Session management is necessary for applications to keep the server-side state of the user’s interaction with the app. For example, to store their preferences or progress.
Mongoose Embedded Web Server has all the parts necessary for building it, and today we’ll show you how to put them together to get a working web app.
When compiled, the cookie_auth example starts a server on port 8000.
At first, the user has no session associated with them and will be taken to the login page:
The form is served by the login_handler function.
In our example, any username is accepted and everyone’s password is “password." A real-world app would need to provide its own implementation of the check_pass function.
Let’s go ahead and log in as “test." Clicking the “Login” button will send a POST
request to /login.html, which will be handled by a different branch in the login_handler
function. It uses the mg_get_http_var function to parse the form variables and, assuming we didn’t mistype the password and check_pass
returns true
, we proceed to create a new session (create_session).
It is important that session IDs that are generated are hard to guess so that it’s not easy to take over someone else’s session by just guessing its ID. In our example, the session ID is a 64-bit number created by mixing together a volatile state, including the current time and the user’s password, which should make generated IDs sufficiently difficult to predict.
A newly generated session is then inserted into the session storage. In our example, to keep things simple, we allow a small number of simultaneous sessions and do not store them persistently. This means sessions are lost on server restart. A real app may choose to store sessions in files or some sort of key-value store (an SQLite database, a BerkeleyDB map file, etc.).
Finally, a response to take the user back to the main page is constructed, and the session cookie is set as part of it.
Now, when the user arrives at the main page, they send the cookie that was set previously containing their session ID, which the get_session function extracts. It uses the mg_get_http_header function to get the value of the “Cookie” header. The header contains all the cookies sent by the user’s browser. There can be more than one. So it’s best to use the mg_http_parse_header function to find the one we set. Session ID from the cookie is then converted to a number and the session storage is searched for a session with that ID.
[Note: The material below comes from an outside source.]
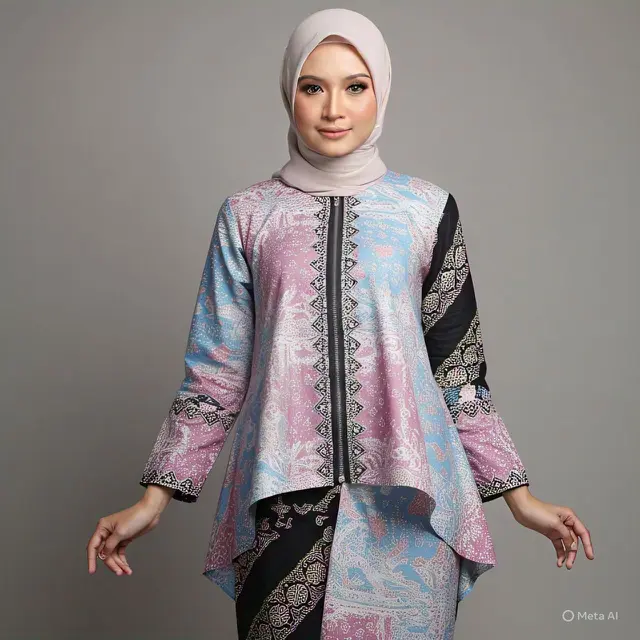 Gamis Batik Pesta dengan Tambahan Zipper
With a valid session, we are now ready to serve the application page:
The user’s name and the lucky number are template variables in the index.shtml page. When Mongoose Embedded Web Server serves an SSI-enabled file (by default, *.shtml files are SSI-enabled) and encounters a <!--#call XXX -->
statement, it will generate an MG_EV_SSI_CALL
event and pass the arguments (the XXX
part) as the argument. Our example handles that event and prints the user name and their lucky number from the session data (properly HTML-escaped, if necessary, by mg_printf_html_escape).
From now on, you should be able to open http://localhost:8000/ and see the hello page straight away, without needing to log in. You’ll be able to do this until you restart the server or the session expires. Our example is configured to expire the session after just 30 seconds, mainly to demonstrate how this mechanism works. A real app would most definitely have this value higher.
So there it is, cookie authentication and session management with Mongoose Embedded Web Server explained. We hope this was useful and will save you time working on your web application.